Mapping the New Year Honours List – Where Did the Honours Go?

When I get a chance, I’ll post a (not totally unsympathetic) response to Milo Yiannopoulos’ post The pitiful cult of ‘data journalism’, but in the meantime, here’s a view over some data that was released a couple of days ago – a map of where the New Year Honours went [link]

[Hmm… so WordPress.com doesn’t seem to want to let me embed a Google Fusion Table map iframe, and Google Maps (which are embeddable) just shows an empty folder when I try to view the Fusion Table KML… (the Fusion Table export KML doesn’t seem to include lat/lng data either? Maybe I need to explore some hosting elsewhere this year…]

Note that I wouldn’t make the claim that this represents an example of data journalism. It’s a sketch map showing which parts of the country various recipients of honours this time round presumably live. Just by posting the map, I’m not reporting any particular story. Instead, I’m trying to find a way of looking at the day to see whether or not there may be any interesting stories that are suggested by viewing the data in this way.

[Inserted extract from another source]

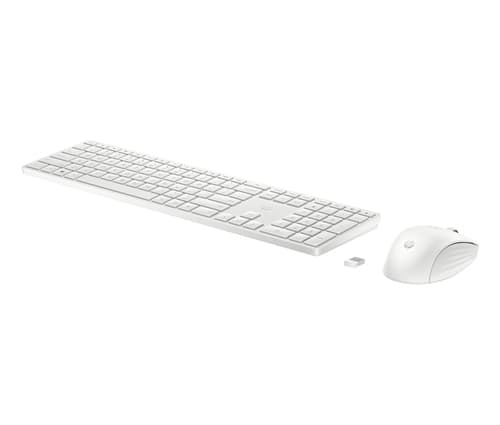 HP Ensemble clavier et souris sans fil 655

There was a small element of work involved in generating the map view, though… Working backwards, when I used Google Fusion tables to geocode the locations of the honoured, some of the points were incorrectly located:

(It would be nice to be able to force a locale to the geocoder, maybe telling it to use maps.google.co.uk as the base, rather than (presumably) maps.google.com?)

The approach I took to tidying these was rather clunky, first going into the table view and filtering on the mispositioned locations:

Then correcting them:

What would be really handy would be if Google Fusion Tables let you see a tabular view of data within a particular map view – so for example, if I could zoom in to the US map and then get a tabular view of the records displayed on that particular local map view… (If it does already support this and I just missed it, please let me know via the comments..;-)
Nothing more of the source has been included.